De plus, quand chaque résident peut adapter sa chambre à ses besoins (choisir l’emplacement de son lit, installer ses propres objets familiers), il se sent vraiment « chez lui ». Cela favorise l’initiative et la confiance en ses propres capacités, deux leviers essentiels pour repousser la perte d’autonomie.

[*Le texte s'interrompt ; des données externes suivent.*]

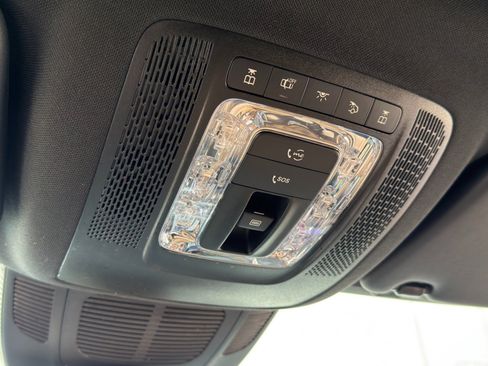 Used 2024 Mercedes-Benz GLS 450 4MATIC image 41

2. Effets sur la santé mentale et la qualité du sommeil
Un habitat calme, bien isolé, aux couleurs apaisantes et baigné de lumière naturelle agit positivement sur le moral. La Fondation Médéric Alzheimer souligne que la personnalisation de l’espace contribue à réduire l’anxiété et le sentiment de dépaysement, notamment lors de l’entrée en établissement (Fondation Médéric Alzheimer).
L’accès à un espace privatif rassurant participe aussi à la qualité du sommeil, souvent fragilisée chez les plus âgés. Un bon sommeil est capital : il réduit l’irritabilité, soutient la mémoire et prévient certains troubles liés à l’isolement.
3. Renforcement de la vie sociale
Le confort ne concerne pas seulement l’espace individuel : la convivialité des salons, la facilité d’accès aux jardins et la luminosité des espaces partagés encouragent la rencontre. Or, une étude de l’INSEE de 2021 révèle que la solitude touche près de 27 % des résidents en EHPAD. Les établissements qui privilégient le confort dans les espaces communs enregistrent des taux de participation aux activités collectives supérieurs à la moyenne (INSEE).